What started as a small membership organization in Raleigh, North Carolina has become a mission to improve the effectiveness of first responders through data. Lawrence Steffan and the North Carolina Regional Internet of Things (RIoT) group decided it could make an impact by helping cities redefine how they gather data, engage responders, and deploy solutions to save lives.
As an action cluster within the Global City Teams Challenge, Steffan and his team presented at the Smart Cities Innovation Summit in Austin, Texas last year and are seeking funding so that they can pay first responders to help them collect real time results.
“We should take advantage of evolving technologies that give the best features for the lowest cost and also the best practices. I want [cities] to think about this as if we are as competitive and creative as the commercial world,” Steffan said. “This is what I’ve learned from the Global City Teams Challenge (GCTC). We have to make it repeatable.”
They began by testing heart attack survival rates and found that, if first responders continue chest compressions longer, survival rates improved greatly. After seeing how measurement and intelligent networks could collect data, they began thinking of other problems to solve.
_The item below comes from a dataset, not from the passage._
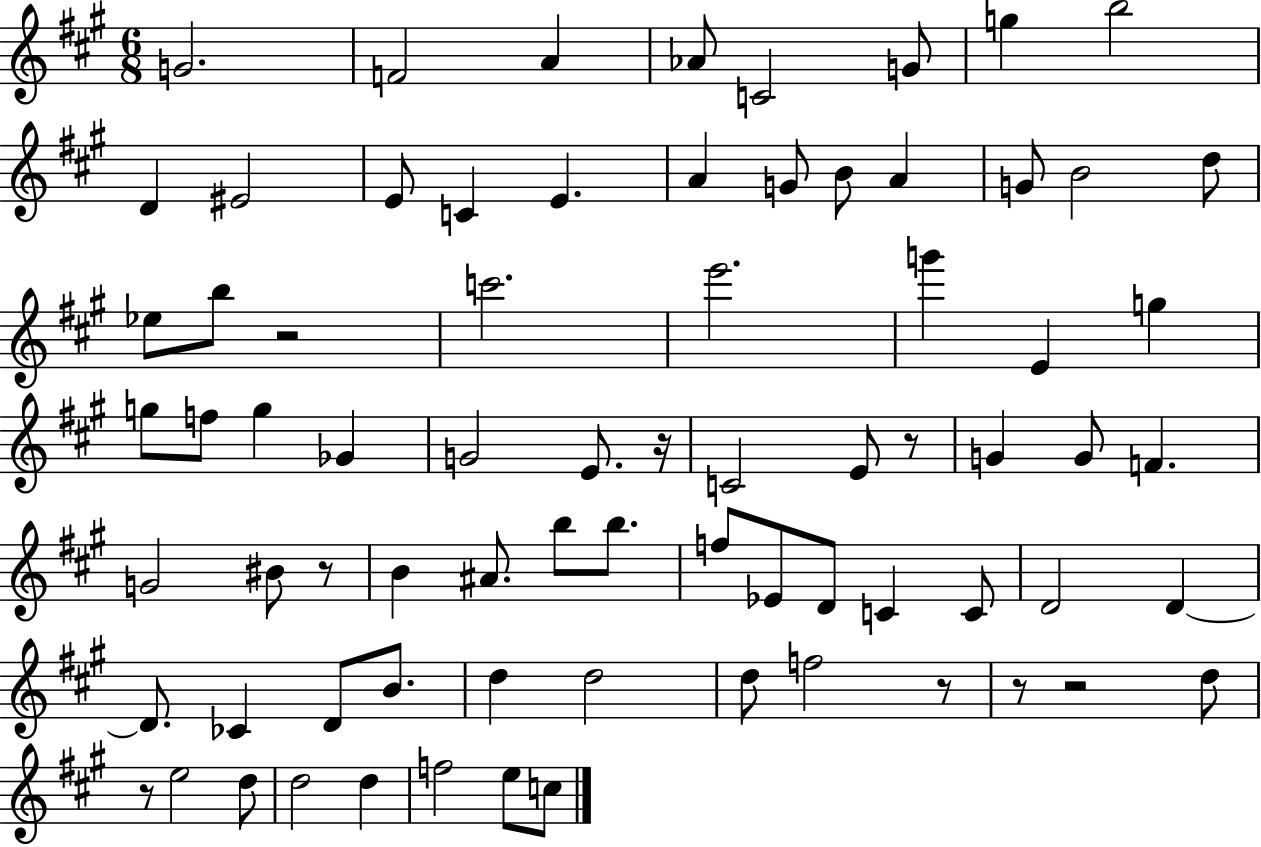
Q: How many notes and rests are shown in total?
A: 75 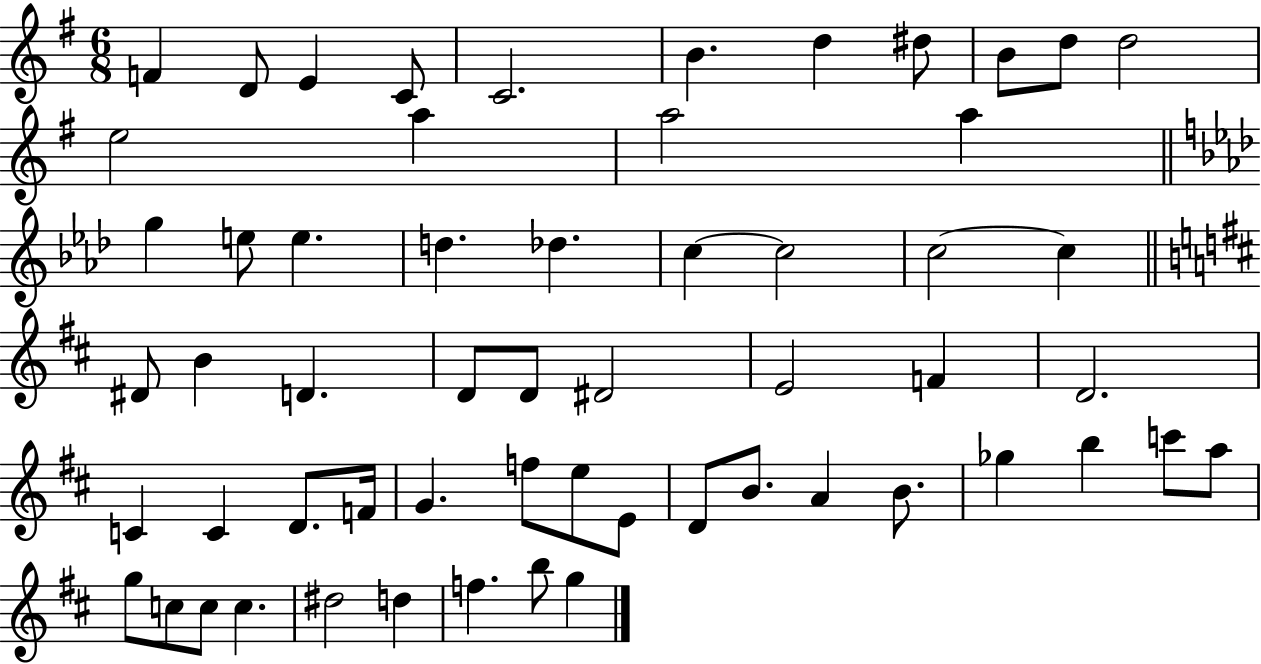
F4/q D4/e E4/q C4/e C4/h. B4/q. D5/q D#5/e B4/e D5/e D5/h E5/h A5/q A5/h A5/q G5/q E5/e E5/q. D5/q. Db5/q. C5/q C5/h C5/h C5/q D#4/e B4/q D4/q. D4/e D4/e D#4/h E4/h F4/q D4/h. C4/q C4/q D4/e. F4/s G4/q. F5/e E5/e E4/e D4/e B4/e. A4/q B4/e. Gb5/q B5/q C6/e A5/e G5/e C5/e C5/e C5/q. D#5/h D5/q F5/q. B5/e G5/q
“We want to improve the quality of [first responder’s] lives, not just throw technology and solutions at them. It has to be internalized so that they accept the technology. We think that maybe virtual reality will be part of that solution,” Steffan said. With virtual reality coming into play for safer and more diverse training exercises, something like that could certainly enter the mix.
While current struggles to overcome incumbent technology and obtain funding are obstacles, they aren’t barriers. Steffan and his team are confident that they can make a difference and, with cities like Raleigh, Wakeforest and Cary on board to integrate technologies when funding is available, RIoT is poised to explore real-world testing soon.